American gridiron football player (born 1955)

Michael Craig Nelms (born April 8, 1955) is an American former professional football player who was a defensive back and kick returner in the National Football League (NFL) for five seasons with the Washington Redskins from 1980 to 1984. Before his NFL career, Nelms played in the Canadian Football League (CFL). He played college football for the Baylor Bears.

==College career==
Nelms began his college career at Sam Houston State in 1973. He then transferred to Baylor University, where he played for the Bears under head coach Grant Taeff. Nelms played defensive back in college and also returned kicks on occasion.

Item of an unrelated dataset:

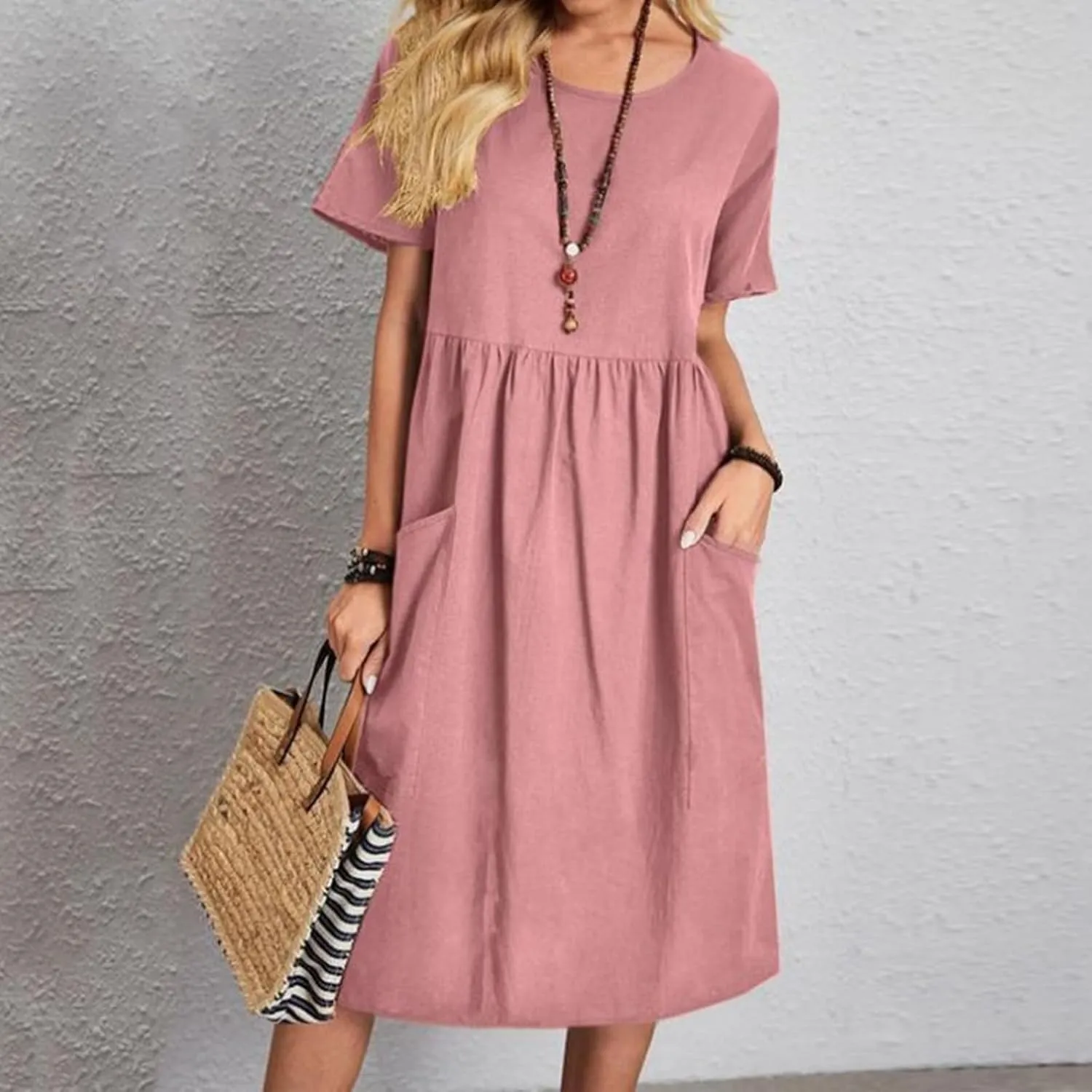 Casual Summer Dresses for Women Cotton Linen T Shirt Dress Short Sleeve Midi Beach Sundress Loose Comfy with Pockets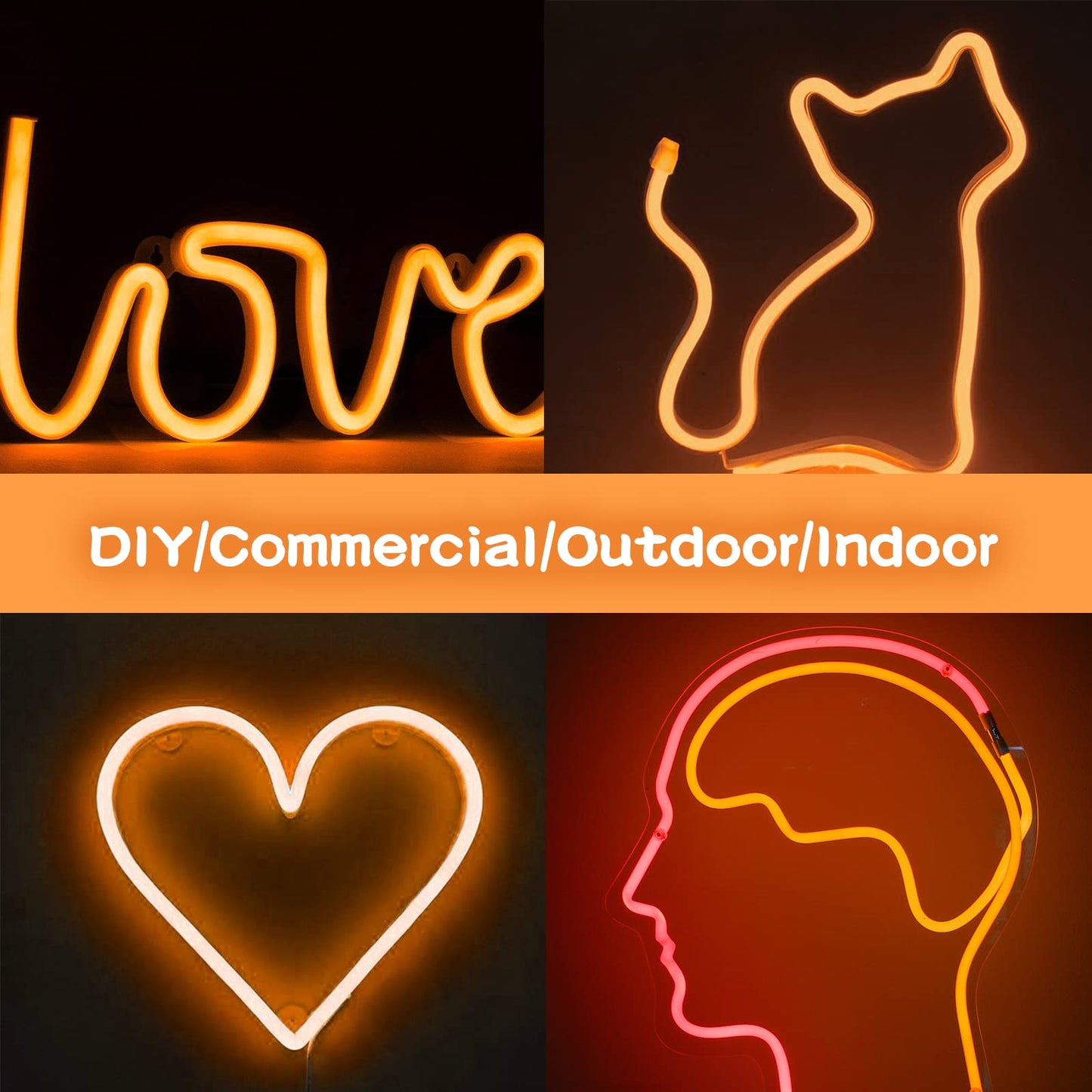 Meijiajia LED Neon Strip Lights, 16.5ft Orange Polycarbonate, Flexible & Waterproof, Cuttable Mood Lighting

During his college career at Baylor, he only returned a handful of kicks, but he did have one interception

==Professional career==
Nelms began his professional career after being drafted in the seventh round of the 1977 NFL Draft by the Buffalo Bills. He was the last cut in training camp. He then signed with the Hamilton Tiger-Cats of the CFL in 1977. Later that year, he was optioned to the Ottawa Rough Riders.

Nelms was a three-time Pro Bowler in 1980, 1981 and 1982. He led the NFL in yards per kickoff return twice (1981, 1982) and was the Redskins starting punt returner in Super Bowl XVII. In Super Bowl XVII, he returned six punts for 52 yards, both Super Bowl records, along with two kickoff returns for 44 yards.

Nelms finished his five seasons with 175 kickoff returns for 4,128 yards, 212 punt returns for 1,948 yards and two touchdowns, and one interception in 68 games. Nelms earned his interception in a 30–17 loss to the San Francisco 49ers and the expense of 49ers quarterback Joe Montana.

==After football==
Mike formerly owned Champion Chevrolet Toyota in Culpeper, Virginia. His son, Kirkland, received a scholarship to play at University of Massachusetts Amherst. Nelms also has three daughters, who each went on to play collegiate athletics, including Kurstin Nelms, who ran track for Columbia University.

In 2017, Mike Nelms was inducted into the D.C. Sports Hall of Fame. He joined Redskins legends Mark Moseley, Art Monk, Chris Hanburger, Ken Houston, Darrell Green, and Russ Grimm. Other members of the hall include Olympic swimmer Katie Ledecky, Tony Kornheiser, and former Capitals play-by-play announcer Ron Weber.